A new campaign is being launched in Ibiza that seeks to ban all beach clubs and hotel discos which is just… confusing.

The Spanish political party, Podemos, say that the “noisy nuisances” are a huge problem for the island of Ibiza and that they don’t line up with the Balearic government’s future idea for tourism in the region.

Podemos is pressuring the government to put in place a new law that would “put an end to beach clubs and disco hotels” that cause “serious inconvenience” to residents and tourists who just want the peace and quiet, according to The Sun (but seriously, how many people have you heard of going to Ibiza for a nice and quiet holiday?).

The Balearic government (the governing body of the Balearic Islands of which Ibiza is a part of), has revealed their new Tourism Law that is aimed at “quality rather than quantity” while also introducing a wave of environmental improvements.

What's Actually Going On?

A lot of outlets have reported the Podemos’ proposal as one of the main tenets of the new law decree, but that simply isn’t true. Podemos are simply advocating for their specific complaints, but the actual law doesn’t feature their proposals and is aimed at something a little different.

The local government is well aware of the environmental and sustainability issues facing the islands and are therefore limiting the number of tourists able to come each year. Accommodation places have to work in line with the number of tourists that the island councils have determined fit a sustainability model. For example, Mallorca can sustain a maximum of 8,486 tourists at once. While some on the island want that number reduced, it is more likely that the number will stay put and not increase.

Podemos has welcomed these coming changes as they see it as a “turning point” to redirect the tourism sector towards a “sustainable model” over time and will be “respectful” of the territory. But it isn’t enough for Podemos.

The Proposed Spicy Bans

Spokesman, Fernando Gómez, said they want to “end the legal limbo of one of the most important problems caused by tourism on the island of Ibiza, i.e. the serious inconvenience caused by the so-called beach clubs and hotel nightclubs.”

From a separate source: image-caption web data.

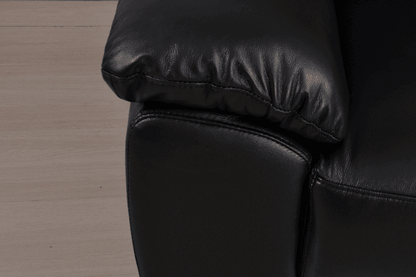 Vantage Genuine Leather Black 2+1+1 Seater Sofa Set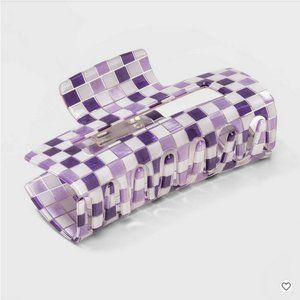 Checkered Claw Hair Clip - Wild Fable™ Purple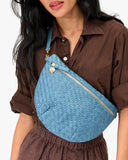 Grande Fanny Desert Blue Woven Zig-Zag | Clare V.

There is a legal loophole that Podemos claim many of these venues are exploiting. The beach clubs are being held without the right licenses and with music “at full throttle” and without any legal requirement or obligation to provide soundproofing. Their “roar” can apparently be heard all around the island “much to the misfortune of the thousands of people who live there,” say Podemos. “But there are several other examples of beach bars or restaurants on other beaches that have become sources of noise and disturbance.”

Podemos are asking the government to heavily limit and regulate the activities and services of hotels and restaurants in order to exclude those that impact citizens particularly “open-air nightclubs, mainly on beaches.”

If venues don’t comply with the new rules, they can be fined or closed if they continue operate without soundproofing of some sort.

It should be noted that these propositions put forward by Podemos have not been put into law.

This seems like a long shot from Podemos and it seems very heavy handed. An outright ban on these things seems counterproductive and overall harmful to the tourist economy there given the general knowledge and reputation attributed to Ibiza as a party capital of the world.

This isn’t the first law affecting tourists on the islands. Those staying at all-inclusive hotels in Magaluf, Sant Antoni, and Playa de Palma are limited to just six drinks a day. You also can’t buy alcohol in between 9:30pm and 8am. Happy hours, pub crawls, and two-for-one drink offers are also banned.

All this has been quite popular with the locals and has been treated as a bipartisan issue spanning across the political spectrum.